Eman: al via il nuovo tour dopo lo stop della pandemia

Eman torna in tour dopo lo stop forzato della pandemia. Da Milano a Cosenza, il cantautore porta la sua musica cross-genere sui palchi di tutta Italia


Eman, all’anagrafe Emanuele Aceto, imbraccia la chitarra all’età di 11 anni e inizia a comporre i suoi primi brani. Avvia il suo progetto nel 2001 e, dopo anni di esplorazione sonora attraverso i generi più disparati – dal reggae al cantautorato italiano –, arriva al successo discografico con l’album Amen (2016), dal quale viene estratto un primo singolo omonimo che lo consacrerà nel panorama musicale italiano.

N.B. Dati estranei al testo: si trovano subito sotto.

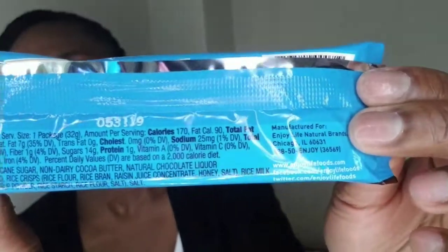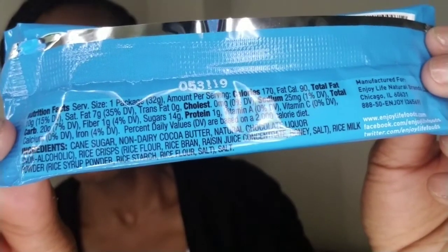I'll hold it up so you can see the ingredients and read them off. It says: cane sugar, non-dairy cocoa butter, natural chocolate liquor (non-alcoholic), rice crisps, rice flour, rice bran, raisin juice concentrate, honey, salt, rice milk powder, rice syrup powder, and rice starch. This bar only contains 25 milligrams of sodium, one gram of protein, and 14 grams of sugar.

Il suo ultimo EP, Distratto, è uscito nel 2023; è stata l’occasione per l’artista di tornare a suonare dal vivo, dopo la cancellazione forzata del tour durante la pandemia e un periodo di stop dedicato alla propria vita familiare. Da Milano a Cosenza, Eman porterà la sua musica sui palchi d’Italia nel mese di gennaio; scopriamo di più sul suo progetto artistico in questa intervista.

Se dovessi descrivere Eman con una parola, che non sia per forza un aggettivo, quale sarebbe e perchè?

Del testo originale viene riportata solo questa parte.